# [Task item]
Set down without change every line from the line that contains "بالصور.. تحطيم مكتب" through the end of the listing, and only those lines. No pictures.

--- --- ---

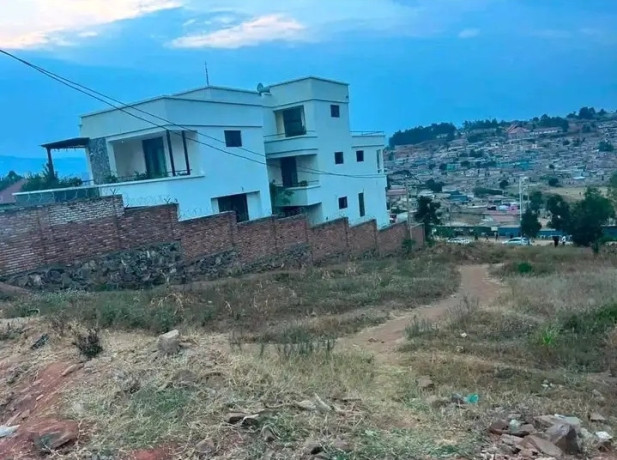 kagugu-140m-big-2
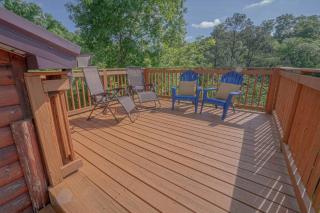 Smoke Rise Barn · Great Lake Front, Large Dock, 4bdrm, Pool Table - Dandridge - 7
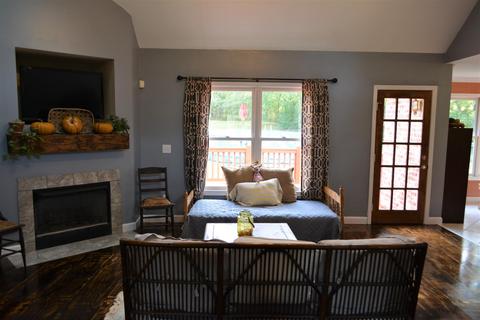 657 Earl Warren Rd, Beechgrove, TN 37018 photo 3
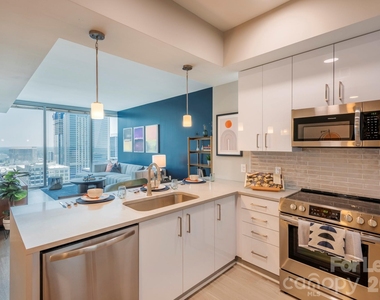 401 S Graham Street - Photo Thumbnail 11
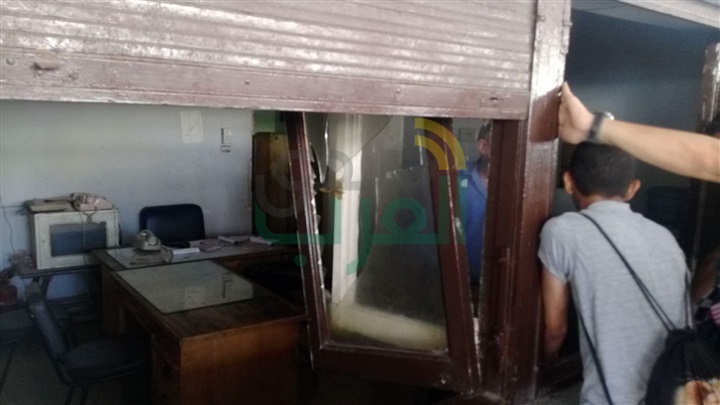 بالصور.. تحطيم مكتب مدير محطة بنها بسبب تعطيل حركة القطارات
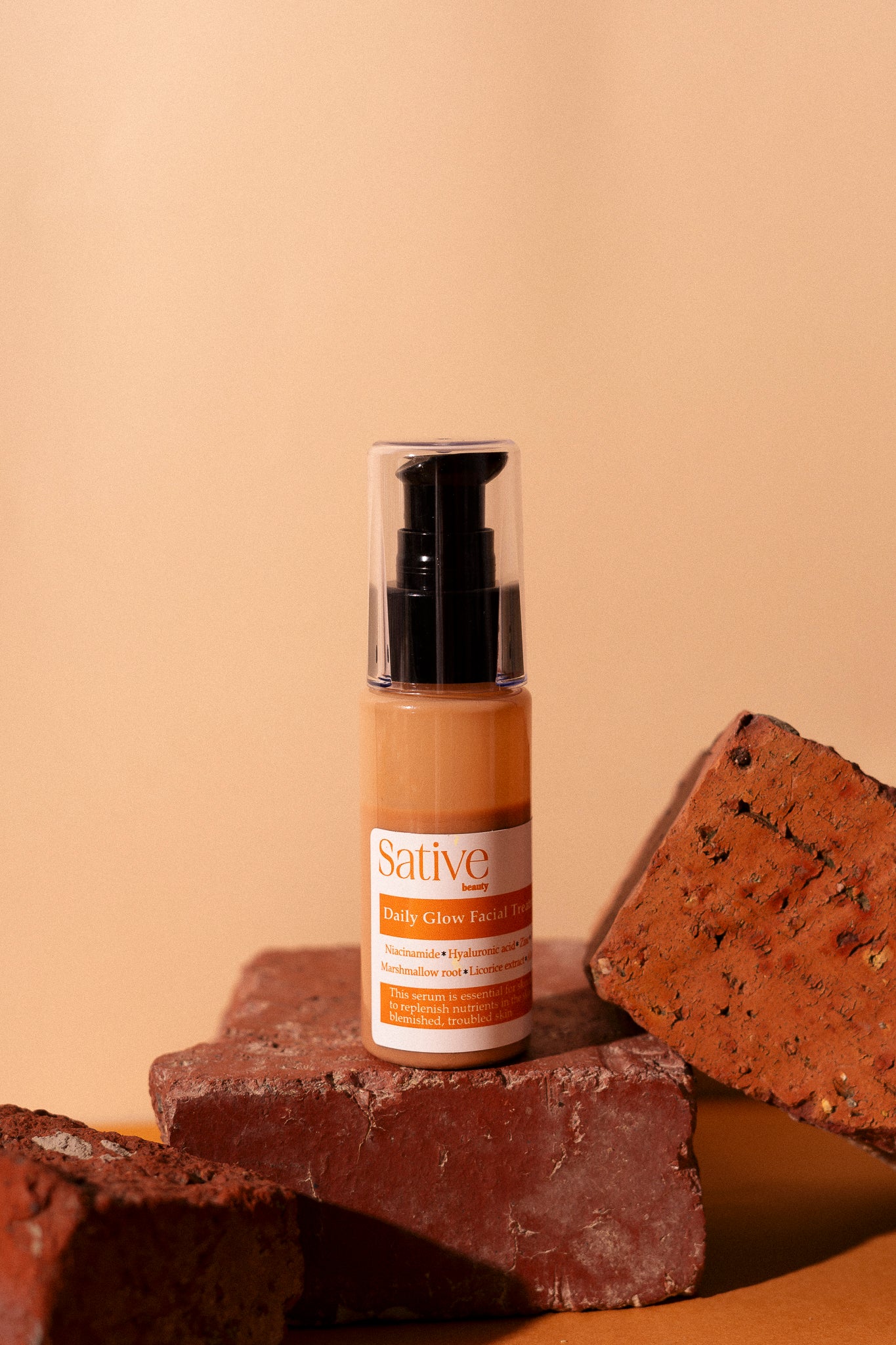 Daily Glow Facial Treatment serum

--- --- ---

# [Answer]
 بالصور.. تحطيم مكتب مدير محطة بنها بسبب تعطيل حركة القطارات
 Daily Glow Facial Treatment serum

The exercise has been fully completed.